Both the steady, aseismic movements within the San Andreas plate-boundary zone and the coseismic strain release in large earthquakes are well within the range of detectability of repeated geodetic-survey measurements. The purpose of this chapter is to summarize the salient features of these observations, demonstrating the constraints they place on the amount of present-day plate motion occurring across the San Andreas plate-boundary zone and showing how measurements shed light on the mechanics of the cycle of strain accumulation and release. The emphasis is necessarily on movements close to the main strands of the San Andreas fault system, where observations are most numerous, although some networks extend as far as 100 km from the major faults. The measurements include triangulation, repeated observations of the angular separation of permanent survey markers, for which useful data date back to about 1850, when gold was first discovered in California; trilateration, repeated line-length measurements made by laser ranging since about 1970; and local measurements of aseismic fault slip made periodically or recorded continuously over apertures of about 10 to 100 m since about 1960.

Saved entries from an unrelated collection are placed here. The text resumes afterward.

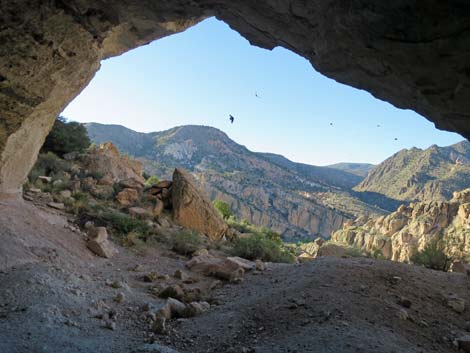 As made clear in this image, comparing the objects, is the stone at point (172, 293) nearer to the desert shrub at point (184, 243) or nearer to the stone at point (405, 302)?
the stone at point (405, 302)

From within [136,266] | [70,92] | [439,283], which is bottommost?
[136,266]

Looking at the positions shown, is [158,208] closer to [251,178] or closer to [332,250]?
[332,250]

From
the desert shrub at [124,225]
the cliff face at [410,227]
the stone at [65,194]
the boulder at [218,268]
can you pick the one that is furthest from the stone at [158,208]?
the cliff face at [410,227]

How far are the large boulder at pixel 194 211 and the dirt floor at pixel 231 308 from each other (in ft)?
19.1

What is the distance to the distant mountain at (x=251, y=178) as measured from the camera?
185 feet

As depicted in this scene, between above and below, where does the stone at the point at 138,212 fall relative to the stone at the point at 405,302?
below

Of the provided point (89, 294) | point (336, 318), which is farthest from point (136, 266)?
point (336, 318)

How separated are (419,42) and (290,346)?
3082mm

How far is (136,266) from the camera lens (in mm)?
7344

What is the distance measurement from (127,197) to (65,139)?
6001 millimetres

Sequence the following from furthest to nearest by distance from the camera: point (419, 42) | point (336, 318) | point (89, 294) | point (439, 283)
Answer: point (439, 283), point (89, 294), point (336, 318), point (419, 42)

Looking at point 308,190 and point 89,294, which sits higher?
point 308,190

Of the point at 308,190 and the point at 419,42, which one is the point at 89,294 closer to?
the point at 419,42

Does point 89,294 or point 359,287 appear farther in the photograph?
point 359,287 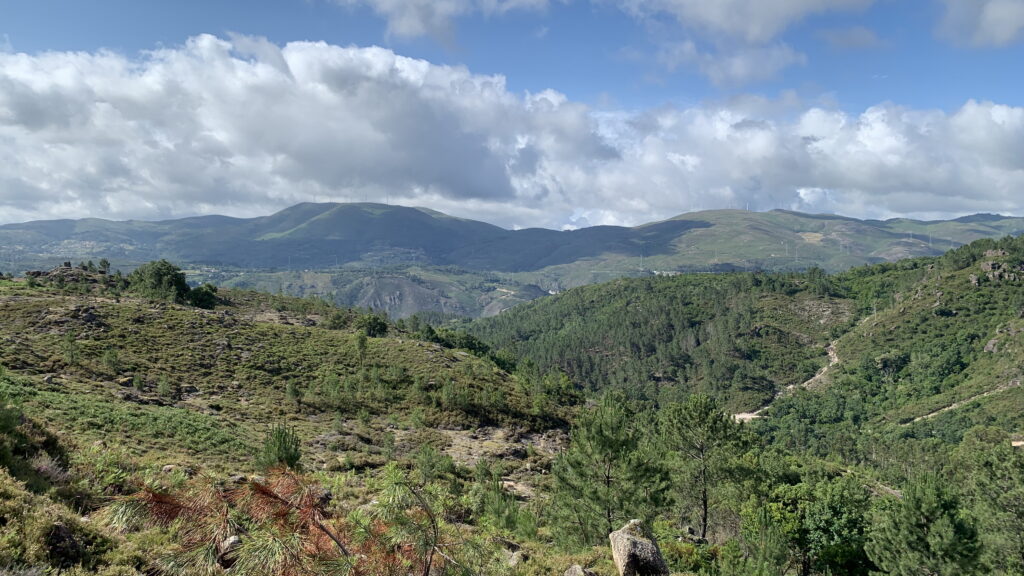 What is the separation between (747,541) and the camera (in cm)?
3519

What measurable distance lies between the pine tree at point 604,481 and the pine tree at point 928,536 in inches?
659

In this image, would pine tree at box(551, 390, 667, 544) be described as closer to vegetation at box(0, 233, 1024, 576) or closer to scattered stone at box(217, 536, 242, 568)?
vegetation at box(0, 233, 1024, 576)

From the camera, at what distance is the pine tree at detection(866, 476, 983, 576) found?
30.6 m

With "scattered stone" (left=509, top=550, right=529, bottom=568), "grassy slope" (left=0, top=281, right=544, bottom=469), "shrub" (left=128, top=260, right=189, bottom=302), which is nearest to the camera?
"scattered stone" (left=509, top=550, right=529, bottom=568)

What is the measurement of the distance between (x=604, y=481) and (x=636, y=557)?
18486 millimetres

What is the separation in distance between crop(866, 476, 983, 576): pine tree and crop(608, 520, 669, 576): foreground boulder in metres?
28.7

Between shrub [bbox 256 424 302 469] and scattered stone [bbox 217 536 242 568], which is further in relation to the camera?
shrub [bbox 256 424 302 469]

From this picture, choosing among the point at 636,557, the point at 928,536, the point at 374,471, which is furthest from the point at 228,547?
the point at 928,536

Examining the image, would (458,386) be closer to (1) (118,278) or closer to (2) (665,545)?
(2) (665,545)

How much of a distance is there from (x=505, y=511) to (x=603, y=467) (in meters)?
8.32

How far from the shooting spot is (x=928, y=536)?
31.5m

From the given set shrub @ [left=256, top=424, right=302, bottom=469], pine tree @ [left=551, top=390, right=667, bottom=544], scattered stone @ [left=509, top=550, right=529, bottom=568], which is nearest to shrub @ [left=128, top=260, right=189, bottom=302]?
shrub @ [left=256, top=424, right=302, bottom=469]

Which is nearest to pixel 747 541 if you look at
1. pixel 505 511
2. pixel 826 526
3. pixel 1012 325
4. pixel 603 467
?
pixel 826 526

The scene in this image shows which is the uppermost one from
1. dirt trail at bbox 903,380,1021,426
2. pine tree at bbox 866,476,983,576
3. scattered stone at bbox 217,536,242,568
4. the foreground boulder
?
scattered stone at bbox 217,536,242,568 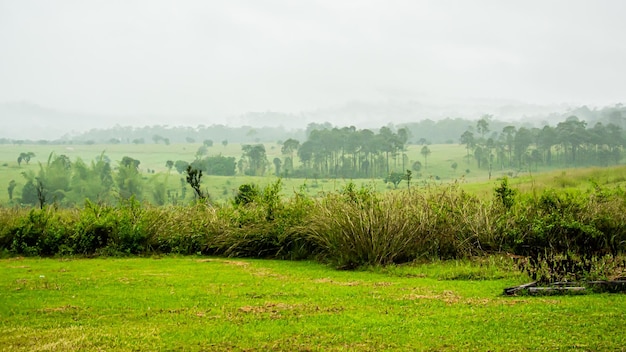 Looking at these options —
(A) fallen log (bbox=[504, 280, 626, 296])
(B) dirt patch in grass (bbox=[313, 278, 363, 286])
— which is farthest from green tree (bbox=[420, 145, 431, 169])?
(A) fallen log (bbox=[504, 280, 626, 296])

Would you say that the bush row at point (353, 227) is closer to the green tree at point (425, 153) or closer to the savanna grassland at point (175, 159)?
the savanna grassland at point (175, 159)

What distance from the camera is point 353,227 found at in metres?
13.1

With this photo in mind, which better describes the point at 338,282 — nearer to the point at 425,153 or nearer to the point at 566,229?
the point at 566,229

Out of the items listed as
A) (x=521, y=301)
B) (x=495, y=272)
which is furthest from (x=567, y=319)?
(x=495, y=272)

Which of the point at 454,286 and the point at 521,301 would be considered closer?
the point at 521,301

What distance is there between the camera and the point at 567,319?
7.05 m

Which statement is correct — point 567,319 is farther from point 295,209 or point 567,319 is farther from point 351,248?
point 295,209

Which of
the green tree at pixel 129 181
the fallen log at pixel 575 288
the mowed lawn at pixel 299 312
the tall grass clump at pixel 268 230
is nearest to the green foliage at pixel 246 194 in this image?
the tall grass clump at pixel 268 230

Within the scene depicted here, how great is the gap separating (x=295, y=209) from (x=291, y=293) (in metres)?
6.39

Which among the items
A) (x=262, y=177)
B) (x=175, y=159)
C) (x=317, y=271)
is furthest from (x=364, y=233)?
(x=175, y=159)

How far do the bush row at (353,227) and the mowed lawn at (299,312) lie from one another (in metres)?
1.23

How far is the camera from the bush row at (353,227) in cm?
1316

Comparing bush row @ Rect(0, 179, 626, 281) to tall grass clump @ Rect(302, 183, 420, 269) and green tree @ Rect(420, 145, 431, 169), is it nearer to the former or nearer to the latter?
tall grass clump @ Rect(302, 183, 420, 269)

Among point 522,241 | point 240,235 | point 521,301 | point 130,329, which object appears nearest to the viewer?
point 130,329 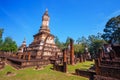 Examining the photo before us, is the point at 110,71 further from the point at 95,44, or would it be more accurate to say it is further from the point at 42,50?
the point at 95,44

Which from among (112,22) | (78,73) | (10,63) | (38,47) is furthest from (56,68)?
(112,22)

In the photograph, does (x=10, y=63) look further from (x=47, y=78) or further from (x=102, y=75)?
(x=102, y=75)

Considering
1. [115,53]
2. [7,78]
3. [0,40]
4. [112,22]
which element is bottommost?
[7,78]

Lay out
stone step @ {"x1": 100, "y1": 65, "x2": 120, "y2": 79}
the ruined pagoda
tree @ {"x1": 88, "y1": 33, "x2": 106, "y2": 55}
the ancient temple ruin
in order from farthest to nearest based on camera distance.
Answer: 1. tree @ {"x1": 88, "y1": 33, "x2": 106, "y2": 55}
2. the ruined pagoda
3. the ancient temple ruin
4. stone step @ {"x1": 100, "y1": 65, "x2": 120, "y2": 79}

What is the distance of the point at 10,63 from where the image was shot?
89.1 ft

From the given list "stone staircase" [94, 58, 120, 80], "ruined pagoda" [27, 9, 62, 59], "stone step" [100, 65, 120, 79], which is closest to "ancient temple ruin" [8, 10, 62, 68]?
"ruined pagoda" [27, 9, 62, 59]

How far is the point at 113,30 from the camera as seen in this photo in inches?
1839

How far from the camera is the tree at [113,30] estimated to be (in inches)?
1719

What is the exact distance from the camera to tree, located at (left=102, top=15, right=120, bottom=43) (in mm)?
43659

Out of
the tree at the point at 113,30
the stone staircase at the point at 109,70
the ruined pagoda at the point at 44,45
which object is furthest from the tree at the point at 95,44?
the stone staircase at the point at 109,70

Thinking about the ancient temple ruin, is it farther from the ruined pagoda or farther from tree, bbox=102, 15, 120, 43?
tree, bbox=102, 15, 120, 43

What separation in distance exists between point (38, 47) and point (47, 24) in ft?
48.6

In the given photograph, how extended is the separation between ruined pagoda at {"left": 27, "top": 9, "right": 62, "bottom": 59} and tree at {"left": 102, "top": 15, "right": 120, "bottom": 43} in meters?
22.4

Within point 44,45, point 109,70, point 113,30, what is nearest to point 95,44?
point 113,30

OBSERVATIONS OF CRUSTAL DEFORMATION
The focus here is on the spatial and temporal patterns of interearthquake horizontal crustal movements in California that owe their origins to relative motion between the Pacific and North American plates, movements that supply the strain energy which is stored in crustal rocks and ultimately released in large shallow-focus earthquakes. Observations of purely coseismic crustal deformation are not explicitly considered in this chapter; such movements are now well-understood consequences of slip on approximately the upper 10 to 15 km of vertical strike-slip faults. These models and their predicted deformation patterns are discussed within the context of the entire earthquake deformation cycle in the next section. Readers interested in the coseismic movements observed for specific San Andreas earthquakes are referred to the reports by Lawson (1908) and Thatcher (1975) (1906 San Francisco earthquake), Zhang and others (1988) (1940 El Centro earthquake), and Segall and Harris (1987) (1966 Parkfield earthquake).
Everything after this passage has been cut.